## Record excerpts
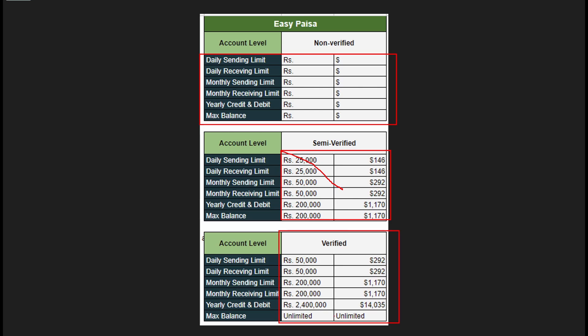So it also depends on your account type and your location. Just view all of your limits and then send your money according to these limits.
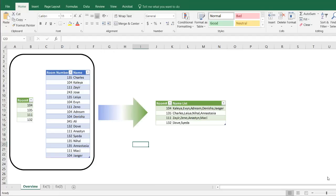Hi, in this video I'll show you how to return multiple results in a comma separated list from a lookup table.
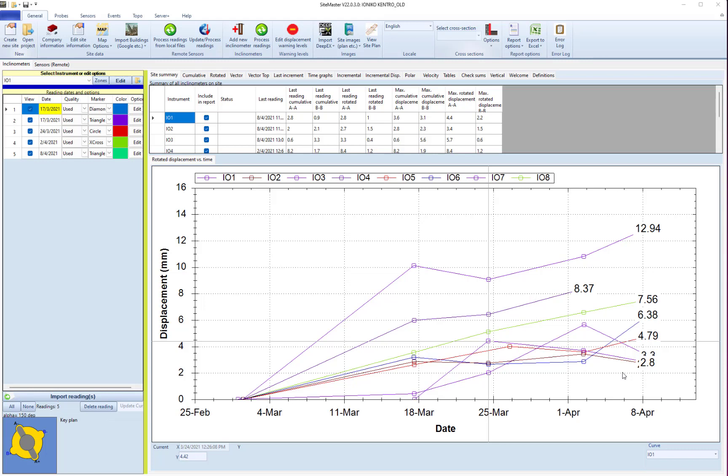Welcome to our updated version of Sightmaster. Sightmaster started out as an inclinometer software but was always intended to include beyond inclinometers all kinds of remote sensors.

...

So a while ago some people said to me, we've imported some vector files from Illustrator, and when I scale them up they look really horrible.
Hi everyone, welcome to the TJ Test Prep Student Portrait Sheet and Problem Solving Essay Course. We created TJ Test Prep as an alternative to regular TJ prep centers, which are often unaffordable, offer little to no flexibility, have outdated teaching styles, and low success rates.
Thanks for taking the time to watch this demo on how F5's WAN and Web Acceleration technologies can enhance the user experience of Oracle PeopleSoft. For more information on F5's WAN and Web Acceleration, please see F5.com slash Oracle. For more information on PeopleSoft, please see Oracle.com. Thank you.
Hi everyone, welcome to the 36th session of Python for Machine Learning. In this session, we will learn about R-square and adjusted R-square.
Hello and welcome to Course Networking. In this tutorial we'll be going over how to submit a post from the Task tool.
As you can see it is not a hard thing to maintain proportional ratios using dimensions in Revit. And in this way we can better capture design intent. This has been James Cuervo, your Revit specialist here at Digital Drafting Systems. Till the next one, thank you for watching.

...

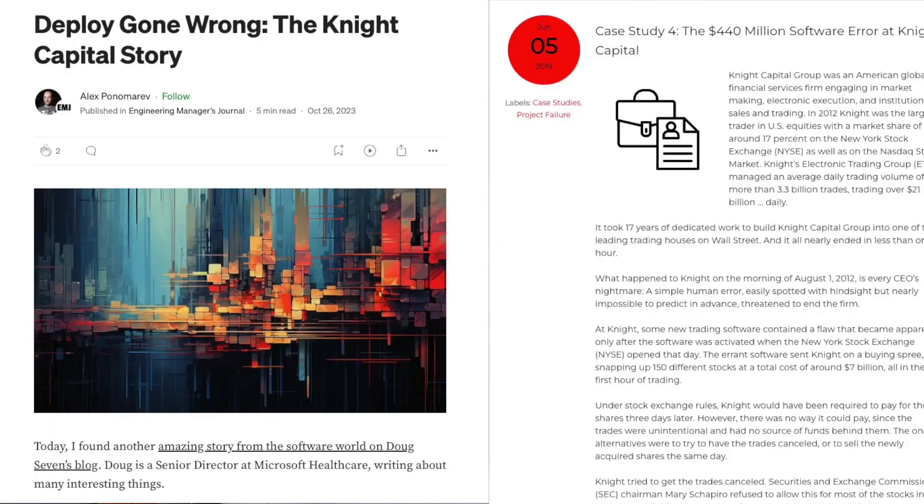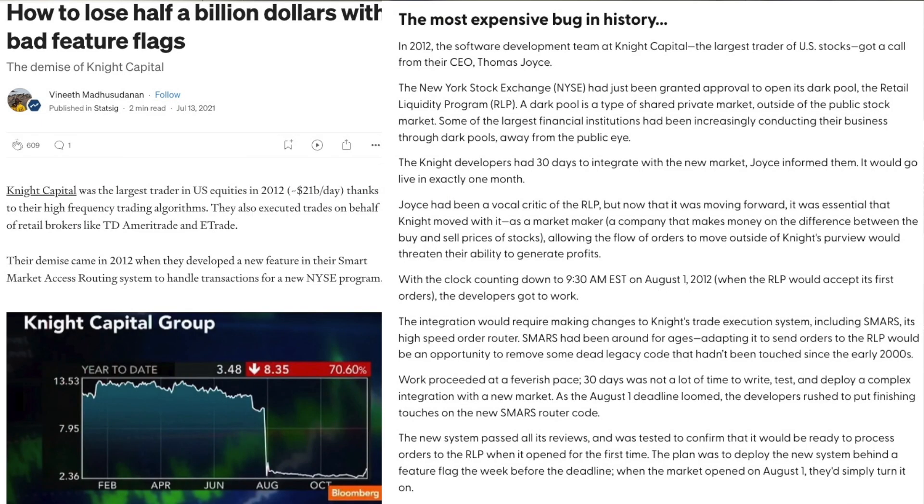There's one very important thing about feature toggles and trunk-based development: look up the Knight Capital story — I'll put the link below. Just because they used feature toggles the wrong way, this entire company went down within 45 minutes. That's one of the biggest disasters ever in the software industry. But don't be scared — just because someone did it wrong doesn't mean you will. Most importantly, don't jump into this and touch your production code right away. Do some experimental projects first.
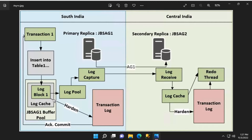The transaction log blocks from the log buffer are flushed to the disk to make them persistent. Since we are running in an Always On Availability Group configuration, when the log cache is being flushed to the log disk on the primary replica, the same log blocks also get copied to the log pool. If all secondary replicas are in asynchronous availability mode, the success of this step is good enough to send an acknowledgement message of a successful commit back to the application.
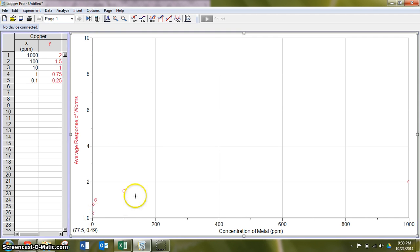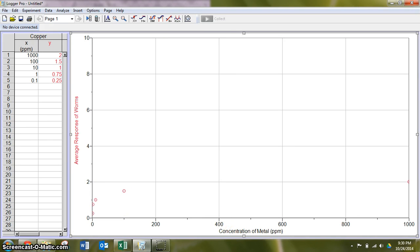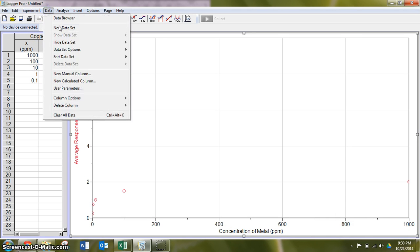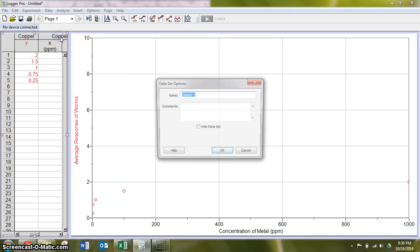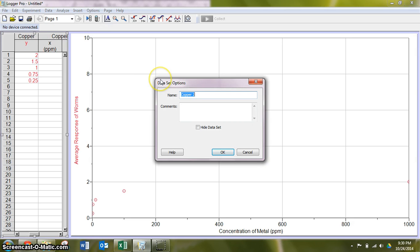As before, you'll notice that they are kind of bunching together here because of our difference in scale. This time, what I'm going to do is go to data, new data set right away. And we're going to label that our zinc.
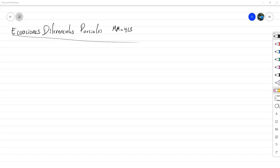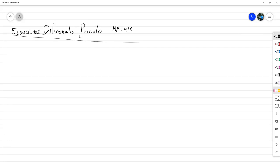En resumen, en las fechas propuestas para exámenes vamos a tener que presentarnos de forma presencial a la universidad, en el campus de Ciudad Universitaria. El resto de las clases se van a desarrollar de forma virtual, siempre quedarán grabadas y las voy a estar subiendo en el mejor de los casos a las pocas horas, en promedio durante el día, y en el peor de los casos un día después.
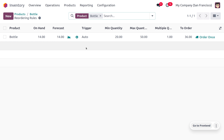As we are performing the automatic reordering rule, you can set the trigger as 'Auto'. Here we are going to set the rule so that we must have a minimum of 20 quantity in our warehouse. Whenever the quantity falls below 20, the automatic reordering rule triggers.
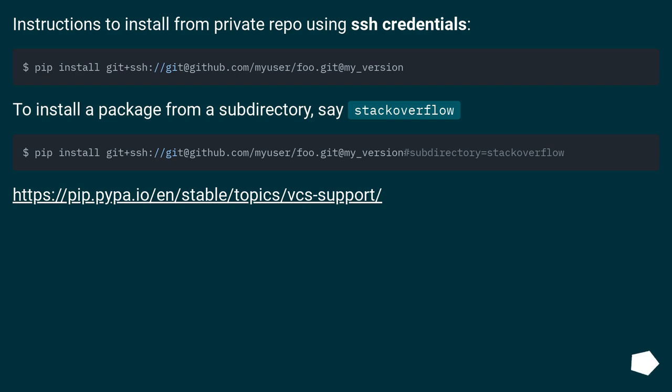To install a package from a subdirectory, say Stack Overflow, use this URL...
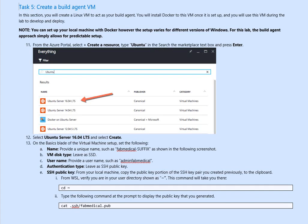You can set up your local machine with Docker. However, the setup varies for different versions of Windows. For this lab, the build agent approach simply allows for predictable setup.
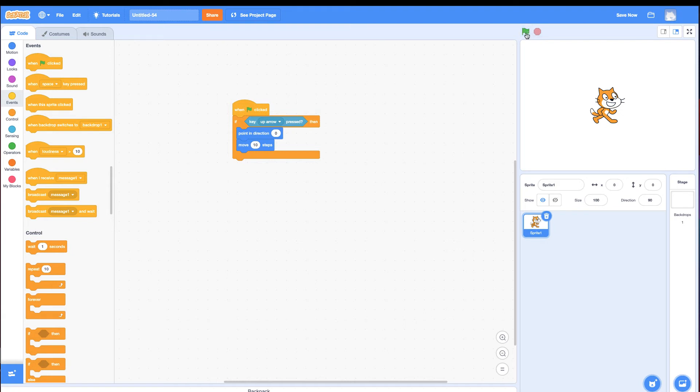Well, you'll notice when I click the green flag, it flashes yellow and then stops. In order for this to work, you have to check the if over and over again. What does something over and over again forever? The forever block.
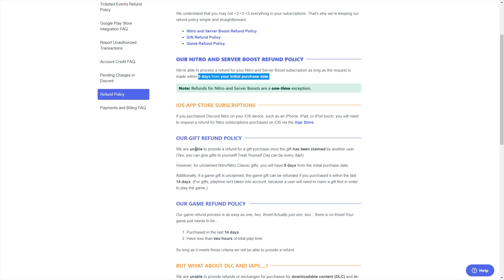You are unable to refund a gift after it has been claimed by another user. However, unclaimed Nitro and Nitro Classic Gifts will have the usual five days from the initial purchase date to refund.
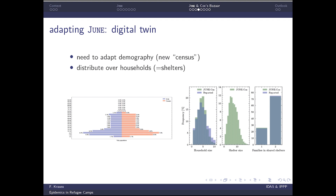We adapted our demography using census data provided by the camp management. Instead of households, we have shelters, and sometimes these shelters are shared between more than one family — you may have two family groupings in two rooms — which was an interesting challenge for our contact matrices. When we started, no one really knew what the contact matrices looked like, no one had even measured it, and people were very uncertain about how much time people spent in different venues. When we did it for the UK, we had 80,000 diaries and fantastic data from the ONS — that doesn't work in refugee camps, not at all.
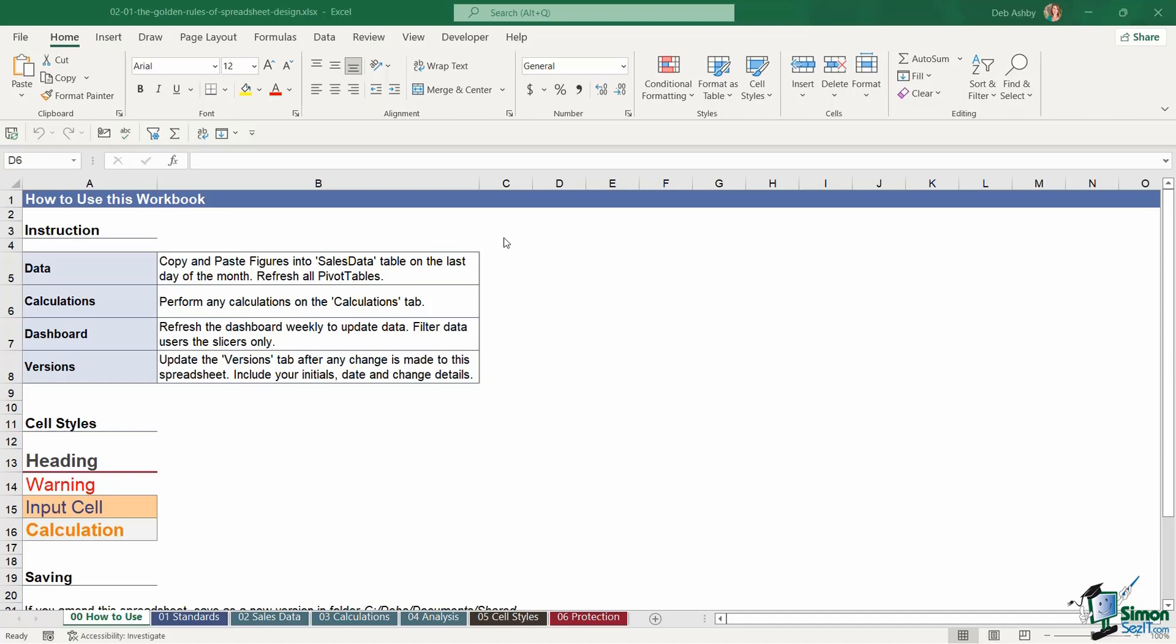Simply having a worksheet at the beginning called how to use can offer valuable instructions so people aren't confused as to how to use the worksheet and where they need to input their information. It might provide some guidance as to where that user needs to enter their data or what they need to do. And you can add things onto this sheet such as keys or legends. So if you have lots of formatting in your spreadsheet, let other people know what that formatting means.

## What to work on
In the listing above, find the line containing "The transaction log" and the line containing "En resumen, en". Reproduce those lines and all between them exactly, with no pictures and nothing more.

## Written answer
The transaction log blocks from the log buffer are flushed to the disk to make them persistent. Since we are running in an Always On Availability Group configuration, when the log cache is being flushed to the log disk on the primary replica, the same log blocks also get copied to the log pool. If all secondary replicas are in asynchronous availability mode, the success of this step is good enough to send an acknowledgement message of a successful commit back to the application.
As before, you'll notice that they are kind of bunching together here because of our difference in scale. This time, what I'm going to do is go to data, new data set right away. And we're going to label that our zinc.
En resumen, en las fechas propuestas para exámenes vamos a tener que presentarnos de forma presencial a la universidad, en el campus de Ciudad Universitaria. El resto de las clases se van a desarrollar de forma virtual, siempre quedarán grabadas y las voy a estar subiendo en el mejor de los casos a las pocas horas, en promedio durante el día, y en el peor de los casos un día después.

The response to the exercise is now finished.